- _Data to examine_

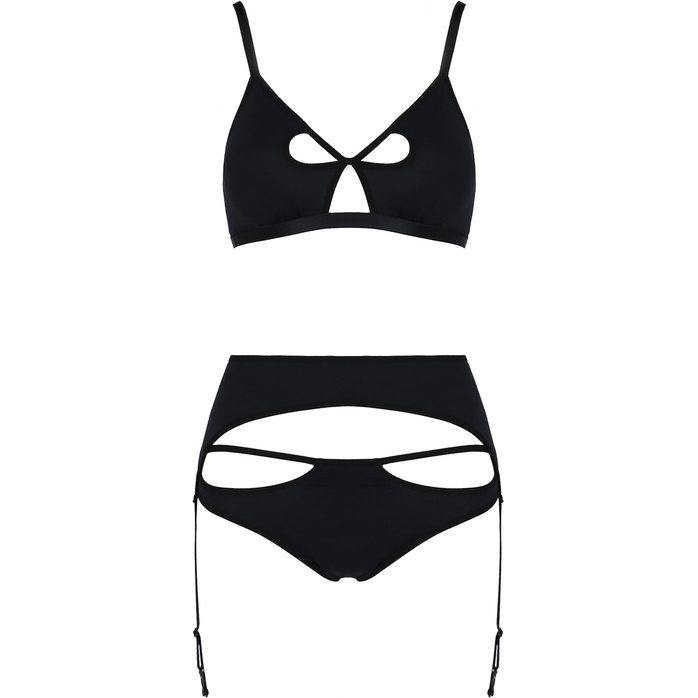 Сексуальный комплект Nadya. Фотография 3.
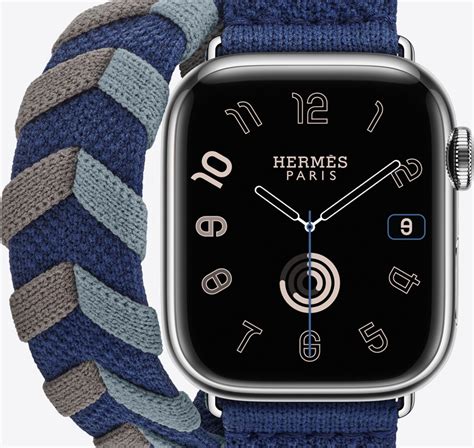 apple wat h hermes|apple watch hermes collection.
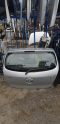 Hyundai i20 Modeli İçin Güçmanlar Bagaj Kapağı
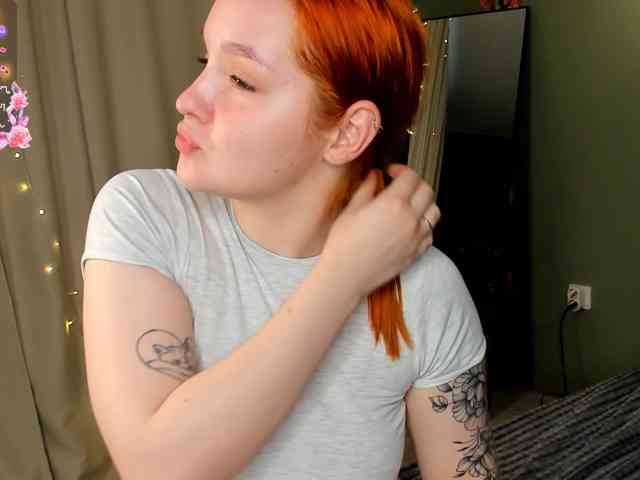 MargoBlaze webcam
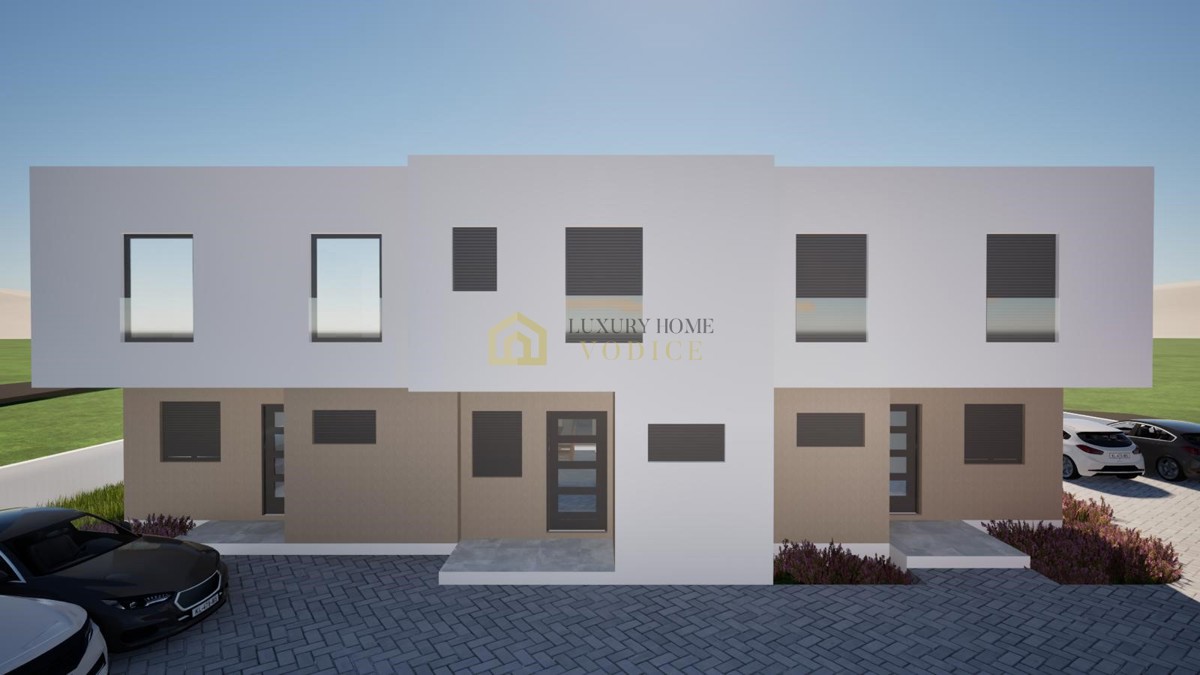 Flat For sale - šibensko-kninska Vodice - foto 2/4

- _About this exercise_
Every line of the listing is to be repeated exactly, and the pictures are to be dropped.

- _Solution for this task_
 Сексуальный комплект Nadya. Фотография 3.
 apple wat h hermes|apple watch hermes collection.
 Hyundai i20 Modeli İçin Güçmanlar Bagaj Kapağı
 MargoBlaze webcam
 Flat For sale - šibensko-kninska Vodice - foto 2/4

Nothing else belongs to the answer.